Brave new world: a glimpse of the regional native

Soderbergh is highly effective on new territory with Bubble, a low-budget film about three working-class people in a doll factory and a crime. It doesn't seem as if he's taken any movies as his models, though some of the conventions of a police procedural take over toward the end. The images shot in HD of the factory, the houses, roads, and people of Ohio and West Virginia could have been taken not from movies but from 1970's and 1980's still photographers like Robert Adams, or particularly from Lee Friedlander's Factory Valleys.

Debbie Doebreier (Martha), Dustin James Ashley (Kyle), and Misty Dawn Wilkins (Rose) come from West Virginia and Ohio. Decker Moody (Dectective Don) is a West Virginia police detective.
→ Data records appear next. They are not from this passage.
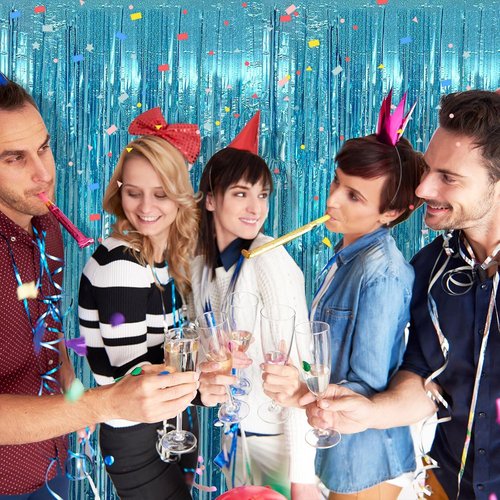 Blue Streamers | 2 Pack Tinsel Foil Fringe Curtains for Birthday & Ocean Party Decorations
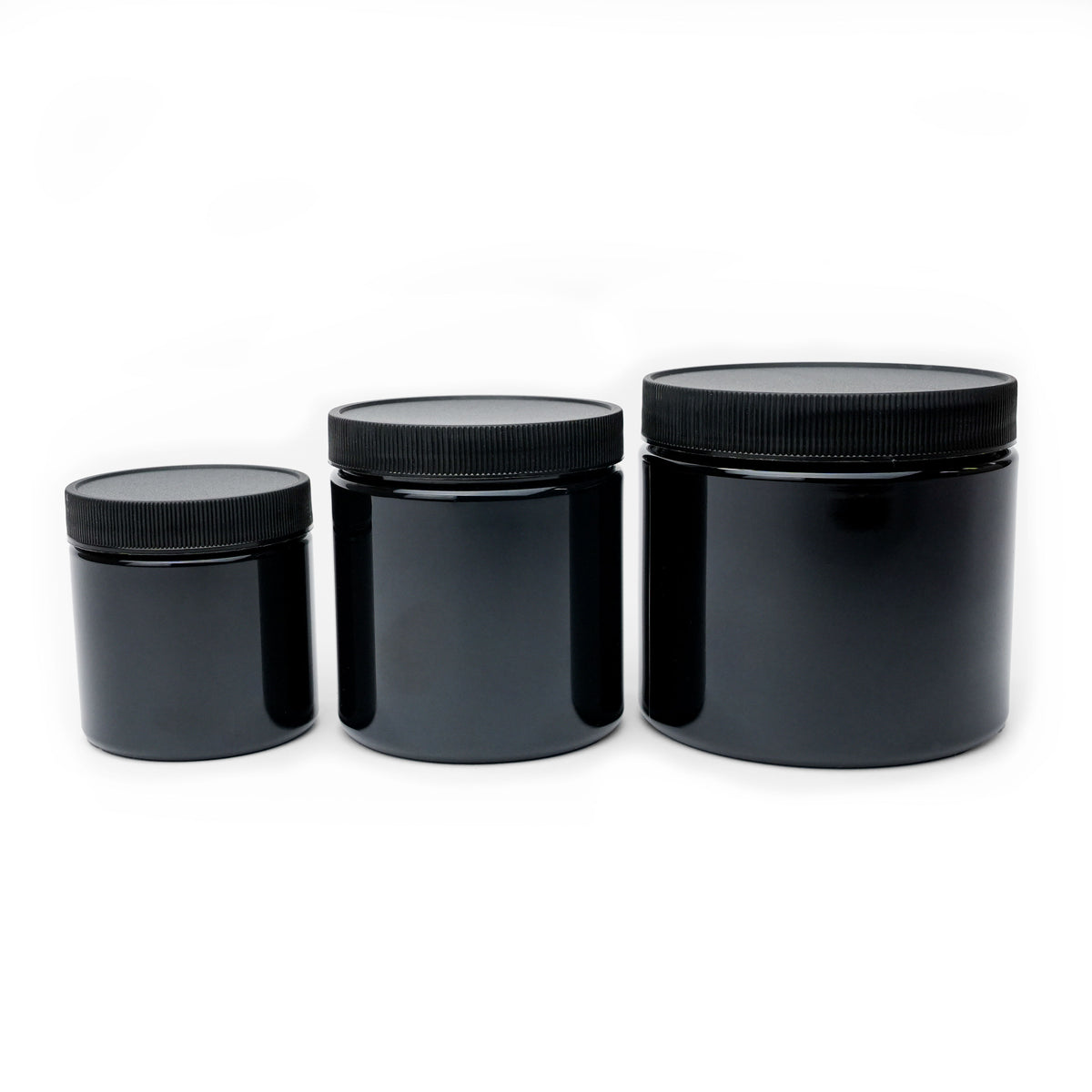 Black Opaque Wide-Mouth Plastic Container with Lid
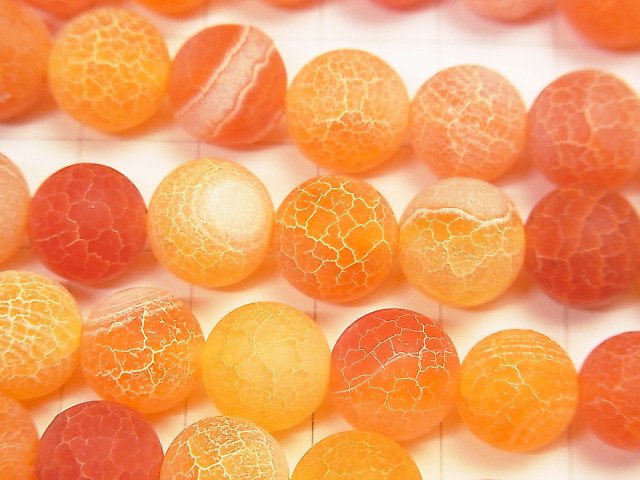 Frost Orange Color Agate Round 10mm Antique Finish 1strand beads (aprx.15inch/36cm)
Coleman Hough, who wrote the screenplay, has kept it naive and simple. When a man learns his daughter is in jail for murder, he says, "Oh, I see." The attractive young Kyle and the doughty Martha go to and from work and have lunch together. At one point Martha snaps a photo of Kyle because he's her "best friend," she says. When young, pretty Rose is hired to help fill a big order at the doll factory, she joins the other two at lunch, and starts going off with Kyle for a smoke afterward: the equation has changed. Then Kyle and Rose plan a date, but Martha doesn't know about it. Because everyone is so inexpressive, it's not clear that any of them even know what they're feeling. You might contrast the arch cleverness applied to naive people working in a nowhere Walmart-like store in Miguel Arteta's 2002 The Good Girl. These people in Bubble just are, and the murder that happens is like lots of murders that don't make it to the screen that just happen, the perpetrators being people the victim trusted, nobody knowing how it all happened. The Voice called Bubble "aggressively disorienting in its banality," but taken on its own terms, it works. Deft manipulation of non-actors and precise, attractive use of HD photography are important factors in the film's economy and success.
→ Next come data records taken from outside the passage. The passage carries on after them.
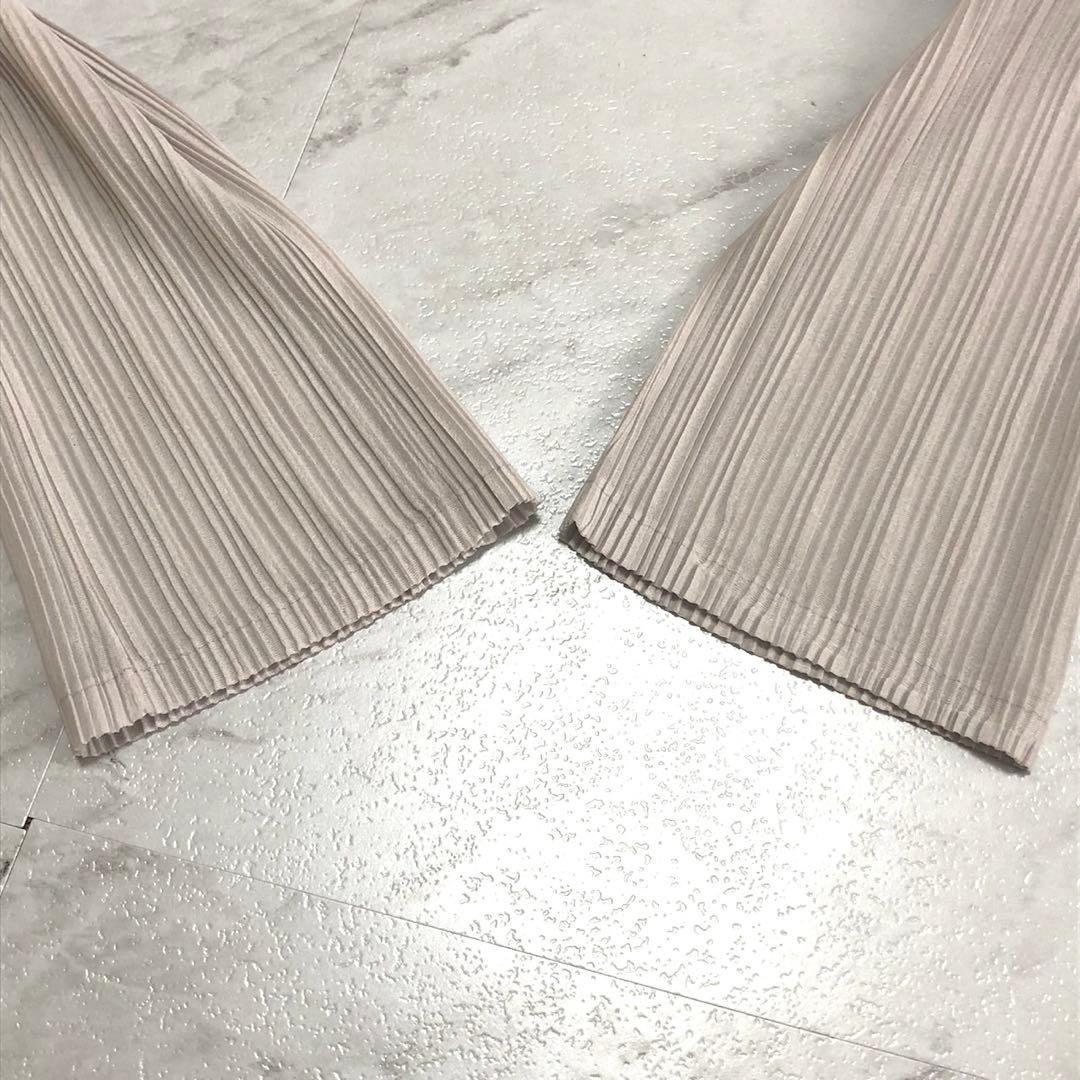 プリーツプリーズ 長袖シャツ 襟付き ボタンダウン Lサイズ バイカラー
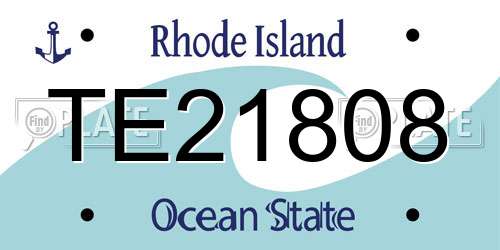 TE21808 Rhode Island License Plate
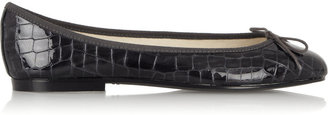 French Sole India croc-effect patent-leather ballet flats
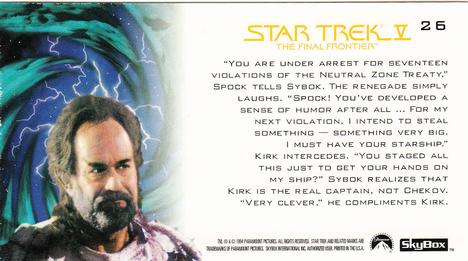 1994 SkyBox Star Trek V The Final Frontier Cinema Collection #26 Violations Back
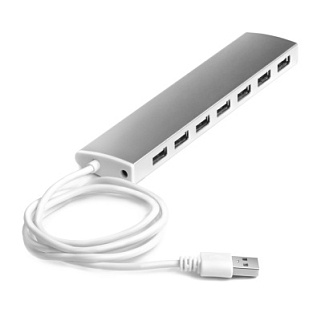 USB Hub 2.0 на 7 портов, 0.6m, Plug&Play, LED, silver + разъем для доп питания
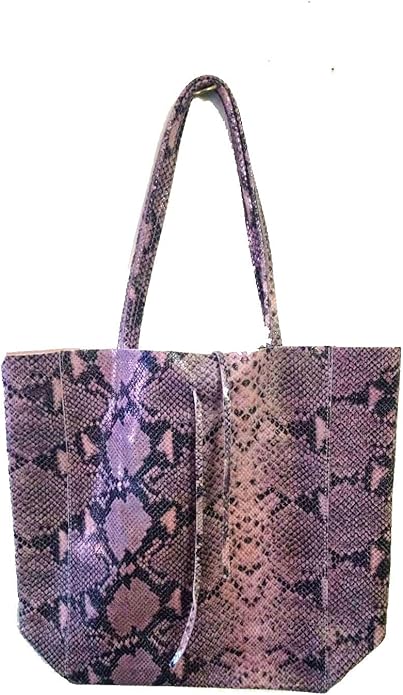 Ladies Italian Large Calf Leather Snake Slouch Hobo Shopper Shoulder Tote Handbag
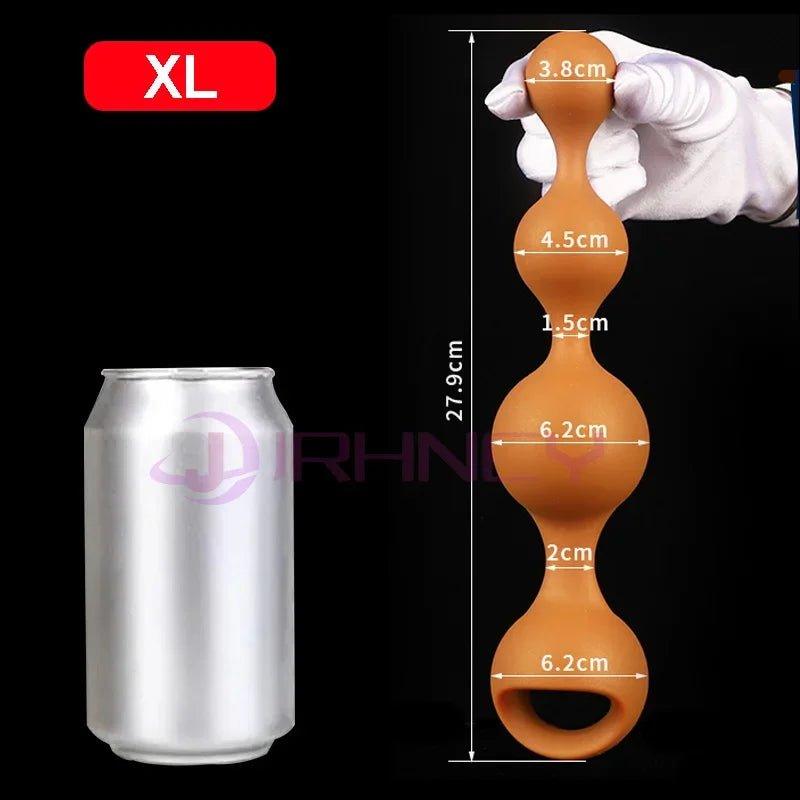 S-XXL Anal Beads Huge 9cm Anal Plug Soft Liquid Silicone Butt Plug Fisting Anal Balls Sex Toys - Seductiva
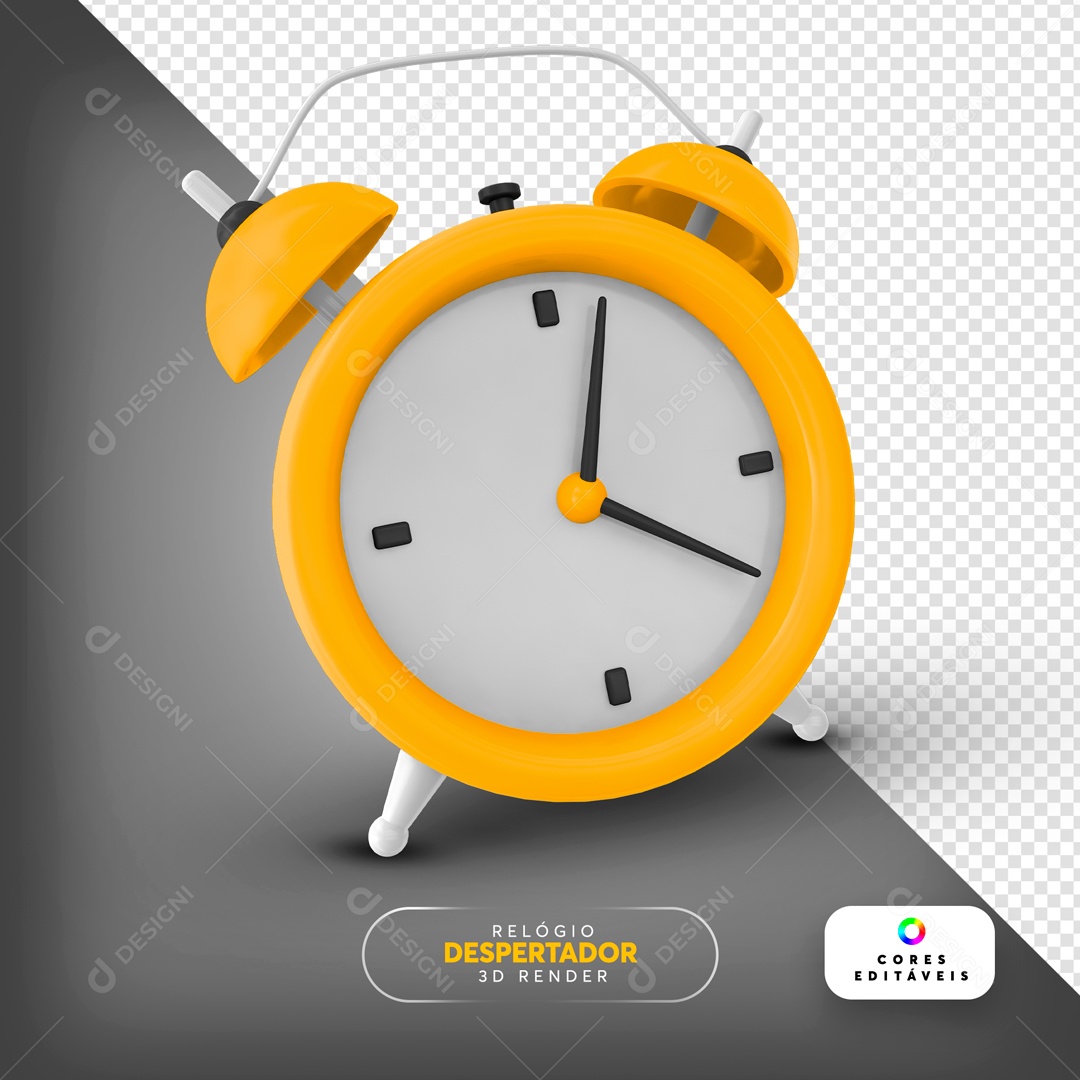 Elemento 3D Relógio Despertador Para Composição PSD
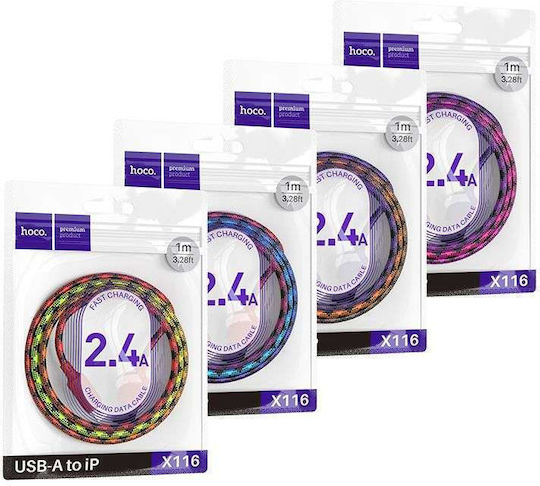 Hoco X116 Geflochten USB-A zu Lightning Kabel Lila 1m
Froim the London Independent: 'Bubble is the first of six low-budget films Soderbergh and producer Gregory Jacobs will make over the next five years. All will be shot on Hi-Definition (HD) cameras; each will be filmed quickly, with a small crew (Bubble was shot in 18 days with a crew of six); and each will "star" non-actors who, with Soderbergh's help, will write their own script.'

Section Eight, the George Clooney/Steven Soderbergh coproduction company, has given or will give birth to:

Big Empty, The (2005)
Confessions of a Dangerous Mind (2002)
Criminal (2004)
Far from Heaven (2002)
Full Frontal (2002)
Garland Bunting Project (2005)
Good German, The (2006)
Goodnight, and Good Luck (2006)
Insomnia (2002)
Jacket, The (2005)
K Street (2003) TV Series
Michael Clayton (2006)
Ocean's Eleven (2001)
Ocean's Twelve (2004)
PU-239 (2006)
Rock Star (?)
Rumor Has It (2005)
Scanner Darkly, A (2006)
Syriana (2005)
Tishomingo Blues (2005)
Unscripted (2004) TV Series
Untitled Neil Jordan Thriller (2005)
Welcome to Collinwood (2002)

The Independent again: 'Yet none of this helps to define a Steven Soderbergh movie, because there is no formula. The blockbuster lives side by side with the low-budget effort - just for the pleasure of it, of doing it all, of conducting the grand, lavish display and the careful still life at the same time. 'Even if one is designed to kill the other one, in a way, to me they're totally connected - that connects them.' What's "that"? I don't know... but Soderbergh is a complex man.